For the entries below, print exactly the lines between the line holding "1 Kanal House" and the line holding "Лебединец Александр Владимирович", inclusive, and nothing else.

Stored data entries:
────────

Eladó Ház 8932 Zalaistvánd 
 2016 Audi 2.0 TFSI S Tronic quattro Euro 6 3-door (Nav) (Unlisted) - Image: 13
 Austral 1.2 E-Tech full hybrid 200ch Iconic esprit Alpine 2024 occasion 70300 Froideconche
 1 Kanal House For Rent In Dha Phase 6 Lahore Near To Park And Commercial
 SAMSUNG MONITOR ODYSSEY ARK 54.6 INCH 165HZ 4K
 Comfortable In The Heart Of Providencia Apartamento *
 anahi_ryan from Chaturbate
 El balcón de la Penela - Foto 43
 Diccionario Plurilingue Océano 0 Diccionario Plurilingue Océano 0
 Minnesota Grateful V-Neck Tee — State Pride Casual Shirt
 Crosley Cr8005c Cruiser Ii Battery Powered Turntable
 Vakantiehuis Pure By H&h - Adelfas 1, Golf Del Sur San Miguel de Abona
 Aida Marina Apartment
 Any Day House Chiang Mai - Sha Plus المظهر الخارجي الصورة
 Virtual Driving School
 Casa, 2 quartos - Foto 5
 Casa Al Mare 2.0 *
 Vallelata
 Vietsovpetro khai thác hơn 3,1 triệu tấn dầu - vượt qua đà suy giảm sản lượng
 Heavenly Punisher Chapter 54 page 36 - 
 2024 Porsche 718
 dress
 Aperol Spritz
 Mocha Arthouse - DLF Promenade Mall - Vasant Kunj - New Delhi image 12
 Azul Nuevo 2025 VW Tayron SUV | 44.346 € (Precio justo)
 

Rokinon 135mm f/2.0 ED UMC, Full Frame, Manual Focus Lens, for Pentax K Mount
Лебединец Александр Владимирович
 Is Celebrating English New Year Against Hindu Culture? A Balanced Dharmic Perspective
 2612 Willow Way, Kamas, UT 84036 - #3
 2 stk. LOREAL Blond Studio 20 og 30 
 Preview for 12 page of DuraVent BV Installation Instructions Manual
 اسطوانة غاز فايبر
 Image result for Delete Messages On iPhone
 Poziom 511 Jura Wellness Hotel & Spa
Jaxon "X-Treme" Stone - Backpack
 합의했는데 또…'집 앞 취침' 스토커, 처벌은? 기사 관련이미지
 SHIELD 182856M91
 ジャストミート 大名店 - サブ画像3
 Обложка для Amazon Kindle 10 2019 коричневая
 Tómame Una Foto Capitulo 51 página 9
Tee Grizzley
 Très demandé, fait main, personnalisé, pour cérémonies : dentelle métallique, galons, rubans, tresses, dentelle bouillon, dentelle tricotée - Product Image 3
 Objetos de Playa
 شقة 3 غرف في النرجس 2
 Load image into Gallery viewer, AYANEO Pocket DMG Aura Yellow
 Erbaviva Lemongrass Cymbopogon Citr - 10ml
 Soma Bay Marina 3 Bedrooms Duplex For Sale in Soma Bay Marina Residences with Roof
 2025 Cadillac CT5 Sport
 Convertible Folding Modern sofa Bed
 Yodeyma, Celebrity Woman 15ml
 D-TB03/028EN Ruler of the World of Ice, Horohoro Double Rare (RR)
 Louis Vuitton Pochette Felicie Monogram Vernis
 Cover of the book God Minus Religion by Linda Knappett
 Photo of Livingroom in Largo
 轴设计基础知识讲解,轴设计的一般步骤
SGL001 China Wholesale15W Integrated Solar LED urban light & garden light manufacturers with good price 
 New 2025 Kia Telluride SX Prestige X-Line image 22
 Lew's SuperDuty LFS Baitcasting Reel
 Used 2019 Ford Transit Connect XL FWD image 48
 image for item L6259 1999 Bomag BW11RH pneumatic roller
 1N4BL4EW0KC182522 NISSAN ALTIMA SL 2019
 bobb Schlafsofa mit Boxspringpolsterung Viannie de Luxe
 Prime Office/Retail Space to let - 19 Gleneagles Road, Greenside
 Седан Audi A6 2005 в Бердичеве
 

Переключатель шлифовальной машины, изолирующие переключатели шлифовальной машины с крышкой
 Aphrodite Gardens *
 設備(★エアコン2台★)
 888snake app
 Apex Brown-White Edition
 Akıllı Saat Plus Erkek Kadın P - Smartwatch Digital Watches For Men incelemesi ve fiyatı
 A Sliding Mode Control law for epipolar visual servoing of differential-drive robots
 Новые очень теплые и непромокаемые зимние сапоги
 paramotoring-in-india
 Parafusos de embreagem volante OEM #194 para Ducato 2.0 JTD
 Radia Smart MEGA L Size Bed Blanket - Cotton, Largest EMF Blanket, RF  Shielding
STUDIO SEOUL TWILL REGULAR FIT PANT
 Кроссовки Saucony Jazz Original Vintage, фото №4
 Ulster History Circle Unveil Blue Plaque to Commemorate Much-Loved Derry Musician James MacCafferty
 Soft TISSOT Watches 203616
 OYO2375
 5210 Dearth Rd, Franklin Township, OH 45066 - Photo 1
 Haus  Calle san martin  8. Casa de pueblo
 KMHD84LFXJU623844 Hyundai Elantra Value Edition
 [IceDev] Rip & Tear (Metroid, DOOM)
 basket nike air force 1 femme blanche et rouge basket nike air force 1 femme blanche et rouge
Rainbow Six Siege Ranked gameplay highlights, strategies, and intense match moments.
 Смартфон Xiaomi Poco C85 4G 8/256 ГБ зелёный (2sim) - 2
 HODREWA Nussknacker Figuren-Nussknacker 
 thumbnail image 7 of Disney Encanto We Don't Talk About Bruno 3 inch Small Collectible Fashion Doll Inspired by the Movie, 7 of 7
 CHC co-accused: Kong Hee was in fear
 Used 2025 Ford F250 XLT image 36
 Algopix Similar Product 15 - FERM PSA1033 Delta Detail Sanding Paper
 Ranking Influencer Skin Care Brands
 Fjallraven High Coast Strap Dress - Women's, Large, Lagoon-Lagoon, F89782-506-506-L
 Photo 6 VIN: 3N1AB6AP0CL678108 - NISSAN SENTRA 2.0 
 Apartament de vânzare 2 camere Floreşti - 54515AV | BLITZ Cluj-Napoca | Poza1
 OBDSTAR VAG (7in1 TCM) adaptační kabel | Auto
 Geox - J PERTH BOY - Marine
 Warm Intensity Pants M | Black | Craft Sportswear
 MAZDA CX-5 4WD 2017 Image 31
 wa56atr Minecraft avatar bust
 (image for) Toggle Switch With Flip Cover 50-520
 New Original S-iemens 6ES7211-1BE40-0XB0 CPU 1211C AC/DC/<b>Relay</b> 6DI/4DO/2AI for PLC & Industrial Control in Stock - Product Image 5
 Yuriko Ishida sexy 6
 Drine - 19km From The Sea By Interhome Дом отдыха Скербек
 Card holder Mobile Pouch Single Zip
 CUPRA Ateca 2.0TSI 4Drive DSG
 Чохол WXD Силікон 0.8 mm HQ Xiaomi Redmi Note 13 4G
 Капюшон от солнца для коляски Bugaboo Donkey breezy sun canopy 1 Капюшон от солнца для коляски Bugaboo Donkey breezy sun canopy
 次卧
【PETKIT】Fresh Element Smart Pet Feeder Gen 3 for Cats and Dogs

────────

Worked solution -
 1 Kanal House For Rent In Dha Phase 6 Lahore Near To Park And Commercial
 SAMSUNG MONITOR ODYSSEY ARK 54.6 INCH 165HZ 4K
 Comfortable In The Heart Of Providencia Apartamento *
 anahi_ryan from Chaturbate
 El balcón de la Penela - Foto 43
 Diccionario Plurilingue Océano 0 Diccionario Plurilingue Océano 0
 Minnesota Grateful V-Neck Tee — State Pride Casual Shirt
 Crosley Cr8005c Cruiser Ii Battery Powered Turntable
 Vakantiehuis Pure By H&h - Adelfas 1, Golf Del Sur San Miguel de Abona
 Aida Marina Apartment
 Any Day House Chiang Mai - Sha Plus المظهر الخارجي الصورة
 Virtual Driving School
 Casa, 2 quartos - Foto 5
 Casa Al Mare 2.0 *
 Vallelata
 Vietsovpetro khai thác hơn 3,1 triệu tấn dầu - vượt qua đà suy giảm sản lượng
 Heavenly Punisher Chapter 54 page 36 - 
 2024 Porsche 718
 dress
 Aperol Spritz
 Mocha Arthouse - DLF Promenade Mall - Vasant Kunj - New Delhi image 12
 Azul Nuevo 2025 VW Tayron SUV | 44.346 € (Precio justo)
 

Rokinon 135mm f/2.0 ED UMC, Full Frame, Manual Focus Lens, for Pentax K Mount
Лебединец Александр Владимирович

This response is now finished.